Originals Created by Copying
Letters from Heaven and their Agency in Popular Religious Belief (15th-20th Century)
2019–2022
RFC03
The project deals with the manuscript genre Letters from Heaven/Himmelsbriefe and examines the significance of handwriting as a precondition for the historical emergence, further development and societal impact of this popular form of sacred communication. The currently relevant material consists of about fifty manuscripts from the 15th-20th century, which are now scattered in museums, libraries and (private) archives in various regions of Germany, but also in Europe and the USA. The question at stake is what role the ritual handwritten (re-)production played for the status and agency of those manuscripts as ‘originals’ in their differing contexts of origin and use. Copying by hand seemed to be a central part of the material production, circulation and use of this type of manuscripts. Furthermore, copying was also fundamental for the attributed agency of these replicas and their function as ‘originals’ in magical practices over time. The practice of copying negotiates the ontological ground of Himmelsbriefe by turning them on the one hand into copies and on the other hand, by circulation and donation from a scribe to the new owner, into originals again. The project reconstructs the process of handwritten copying in order to understand these performative practices of replication and their material und social consequences, especially in the historical contexts of war and threat since the 15th century.
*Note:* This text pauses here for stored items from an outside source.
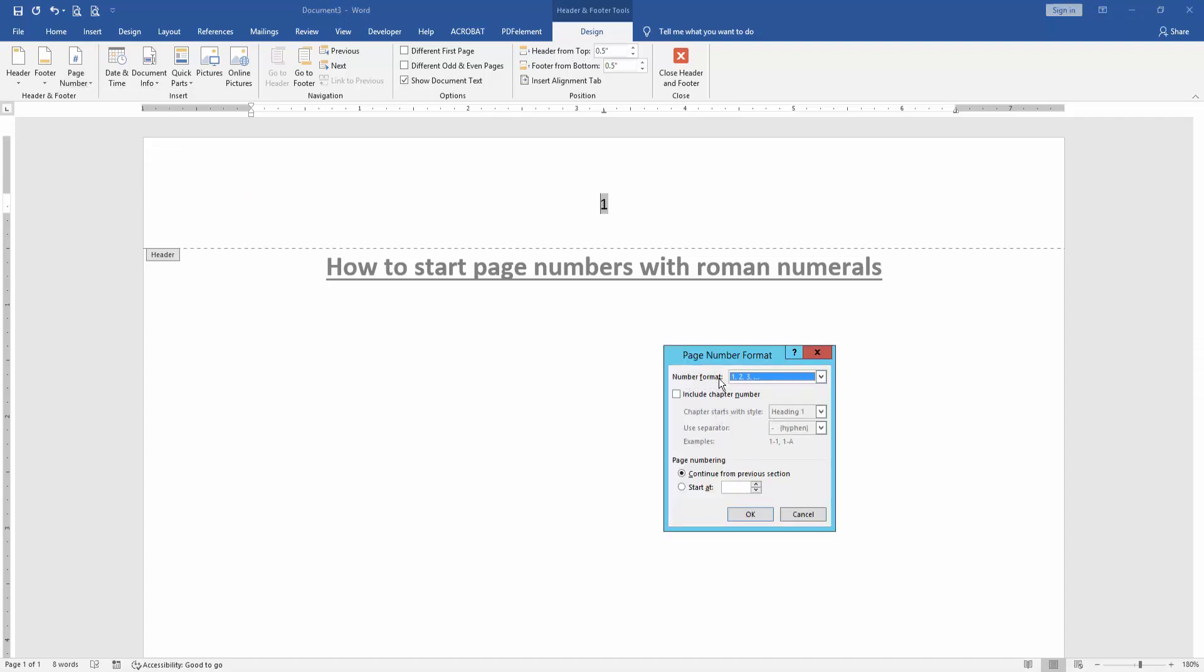Then select the page number format drop down menu and choose roman numerals. Then click OK.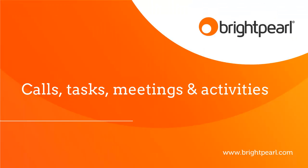So there we go, all you need to know about calls, tasks, meetings, and activities in Brightpearl.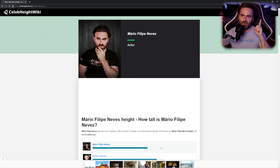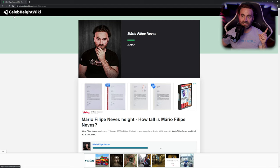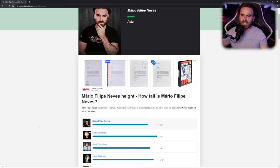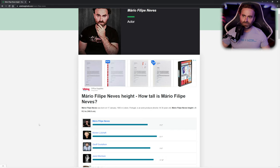Let's click on that one first. Definitely it's me, that's the picture I have on my IMDB. This is the Celeb Height wiki. I didn't even know that existed. Mario Filipe Neves height, how tall is he? Was born January 17th, '83, that's right, that's me. An actor, producer, director, yeah that's right. At 30 years old, that is out of date because I'm 39 at the moment. Today, the time of doing this video, is the 11th of June 2022.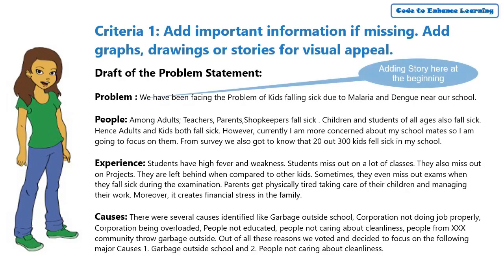Adding the story to my problem statement in the beginning along with the problem so that it will help in understanding the context of choosing this problem.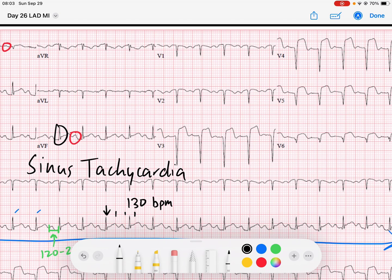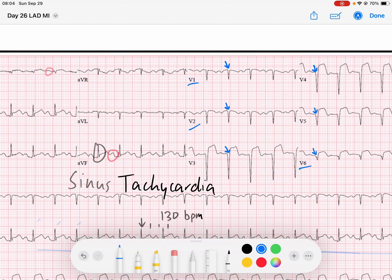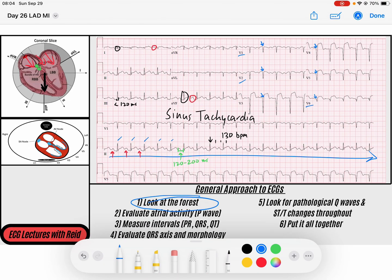I've got pretty poor R wave progression through my precordial leads V1 through V6. I don't really have much of a septal R wave. There's no R wave in V2, barely any R wave in V3, V4, V5, and V6. So not a whole lot of activation, especially around that anterior wall of the myocardium, which is a bulky area of the heart. We should see some R waves there — and I wonder why.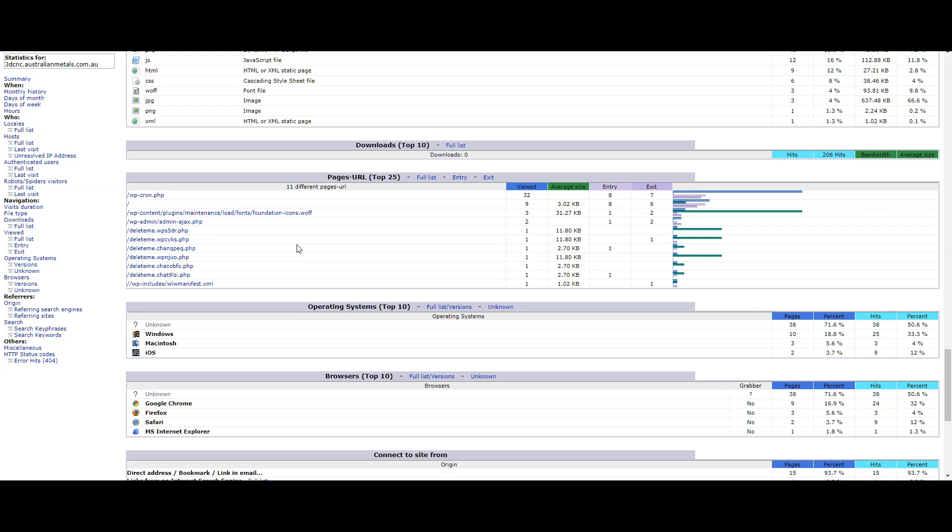anything like that. So delete me dot something something dot PHP is a file that relates to Installatron updating your website, whether it be WordPress, Joomla, or a similar system.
The question is how to specify and contextualize the parameters of valorization of copy/original – i.e. reliability, authenticity and agency of the artefact not as result of ascription, but of production – by looking at the materiality itself as well as at the production and the usage or consumption of these artefacts. How does a copy become an original? What is the specific aura of an original? At what point of the process and how does a copy change into an original? Since there is some historical evidence of (broadsheet) printed editions of Letters from Heaven, the project examines the transition process and the relationship between handwritten copies/originals and mass production. Identifying the age and the material and writing surface of the manuscripts demands close cooperation with research field A Artefact Profiling, as well as with research field E Archiving Artefacts regarding problems of recording and sampling of the manuscripts.